# [pypy-commit] extradoc extradoc: remove some todos and add many new ones

bivab noreply at buildbot.pypy.org
Thu Jul 26 15:09:59 CEST 2012

Author: David Schneider <david.schneider at picle.org>
Changeset: r4372:28a3a7c527f8
Date: 2012-07-26 15:09 +0200

Log:	remove some todos and add many new ones

diff --git a/talk/vmil2012/paper.tex b/talk/vmil2012/paper.tex
--- a/talk/vmil2012/paper.tex
+++ b/talk/vmil2012/paper.tex
@@ -13,6 +13,7 @@
\usepackage{amsfonts}
\usepackage[utf8]{inputenc}
\usepackage{setspace}
+\usepackage[colorinlistoftodos]{todonotes}

\usepackage{listings}

@@ -102,6 +103,7 @@
%___________________________________________________________________________
\section{Introduction}

+\todo{add page numbers (draft) for review}
In this paper we describe and analyze how deoptimization works in the context
of tracing just-in-time compilers. What instructions are used in the
intermediate and low-level representation of the JIT instructions and how these
@@ -112,6 +114,9 @@
guards in this context. With the following contributions we aim to shed some
light (to much?) on this topic.
The contributions of this paper are:
+\todo{more motivation}
+\todo{extend}
+\todo{contributions, description of PyPy's guard architecture, analysis on benchmarks}
\begin{itemize}
\item
\end{itemize}
@@ -129,7 +134,7 @@
creating a Python interpreter written in a high level language, allowing easy
language experimentation and extension. PyPy is now a fully compatible
alternative implementation of the Python language\bivab{mention speed}. The
-Implementation takes advantage of the language features provided by RPython
+implementation takes advantage of the language features provided by RPython
such as the provided tracing just-in-time compiler described below.

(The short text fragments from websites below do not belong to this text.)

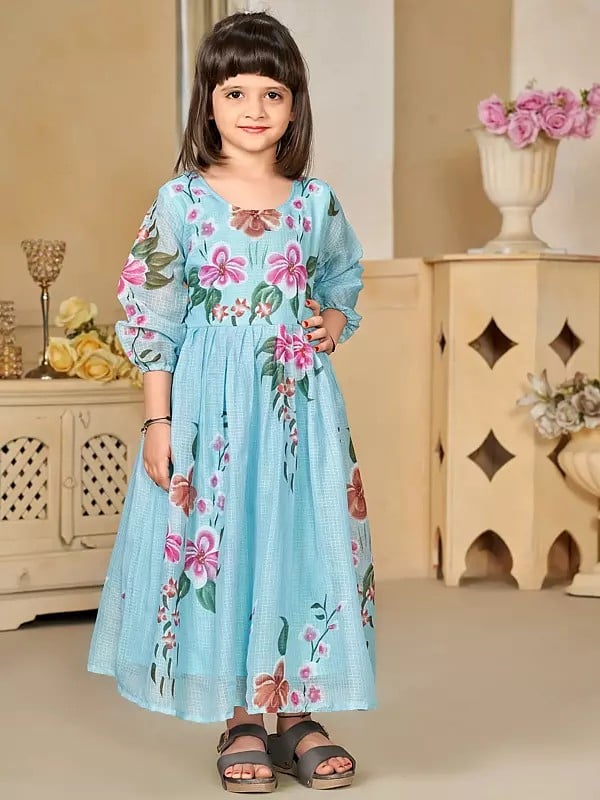 Exotic India Floral Print Sky-Blue Party Wear Digital Printed Kids Frock 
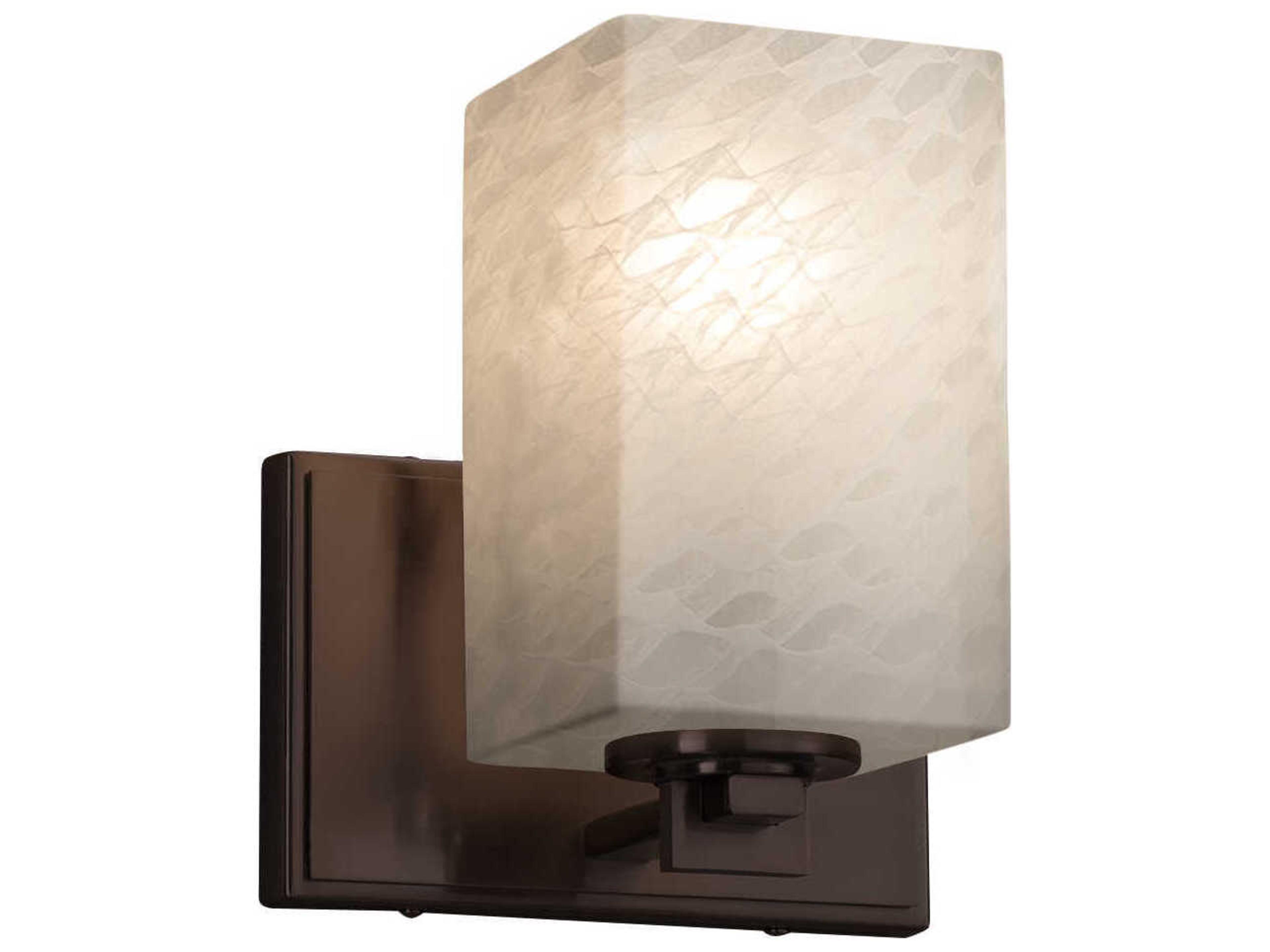 Justice Design Group Fusion 1-Light Nickel Glass Wall Sconce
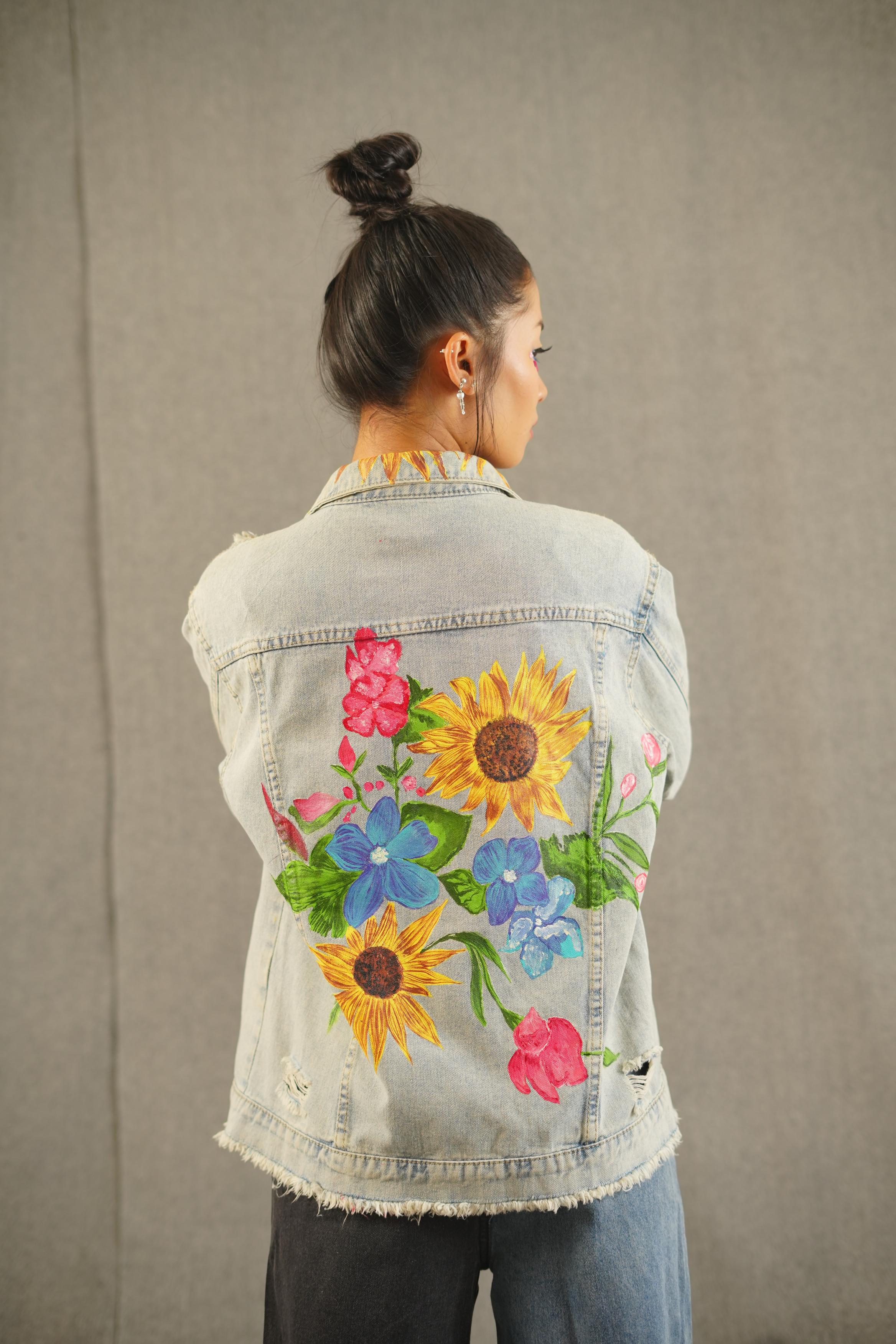 Short Floral Torn Hand-Painted Jacket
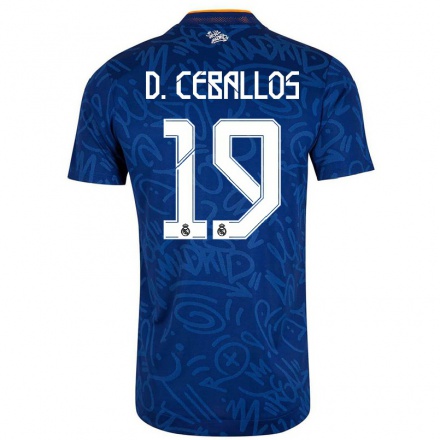 Niño Fútbol Camiseta Dani Ceballos #19 Azul Oscuro 2ª Equipación 2021/22 Camisa Chile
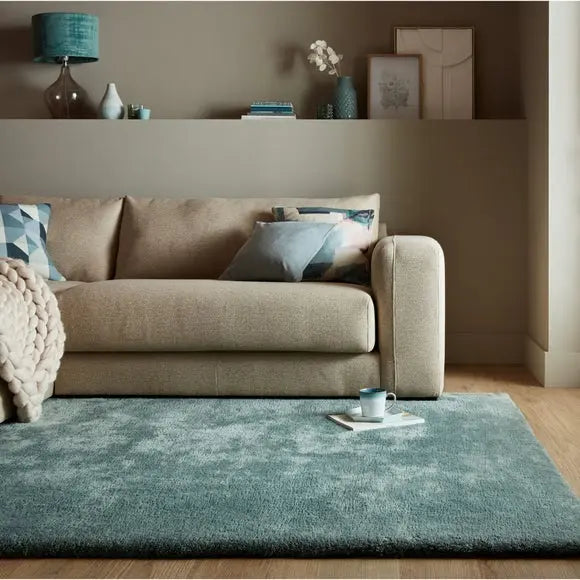 Faroe Wool Look Washable Faux Fur Rug Dunelm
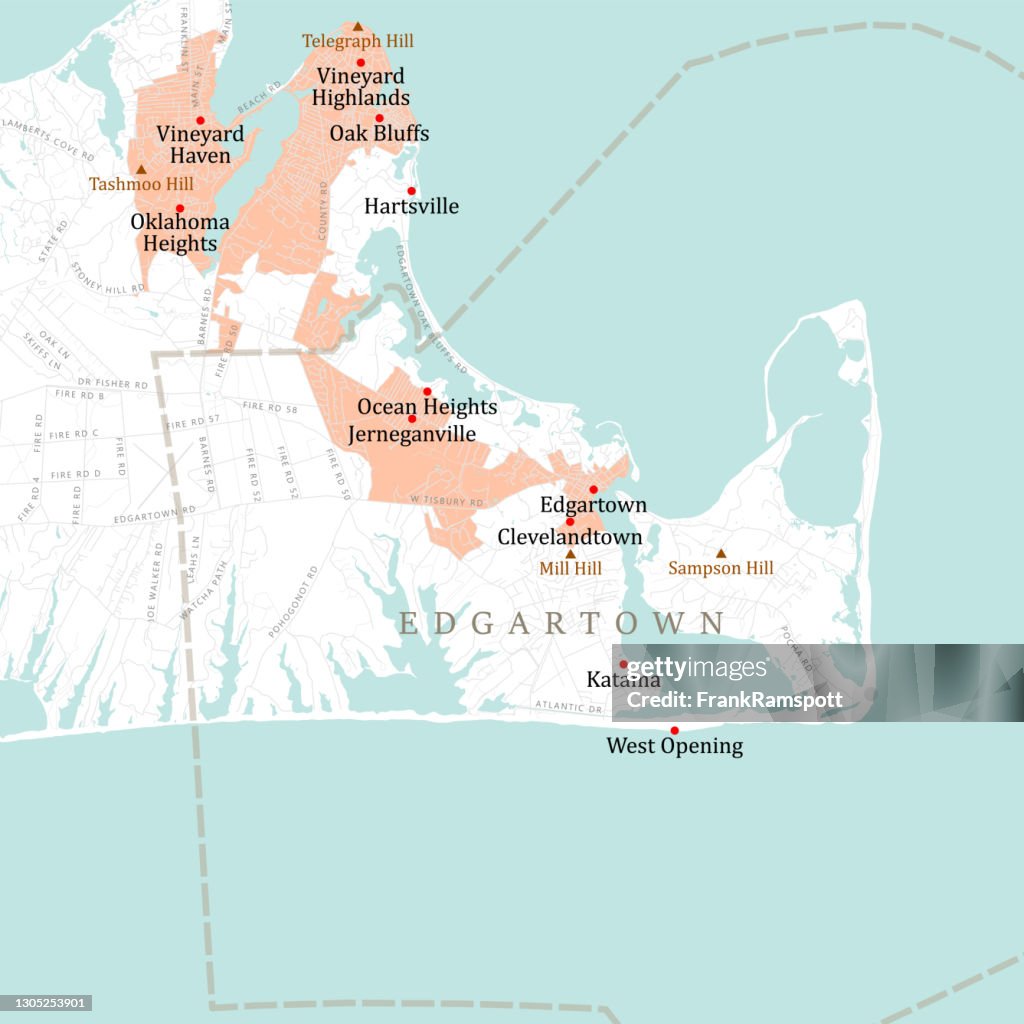 MA Dukes Edgartown Vector Road Map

RPython, the language and the toolset originally developed to implement the
@@ -157,6 +162,7 @@
\label{sub:tracing}

* Tracing JITs
+ * Mention SSA
* JIT Compiler
* describe the tracing jit stuff in pypy
* reference tracing the meta level paper for a high level description of what the JIT does
@@ -177,19 +183,17 @@
Since tracing linearizes control flow by following one concrete execution,
not the full control flow of a program is observed.
The possible points of deviation from the trace are guard operations
-that check whether the same assumptions as during tracing still hold.
+that check whether the same assumptions observed during tracing still hold during execution.
In later executions of the trace the guards can fail.
If that happens, execution needs to continue in the interpreter.
This means it is necessary to attach enough information to a guard
-to construct the interpreter state when that guard fails.
+to reconstruct the interpreter state when that guard fails.
This information is called the \emph{resume data}.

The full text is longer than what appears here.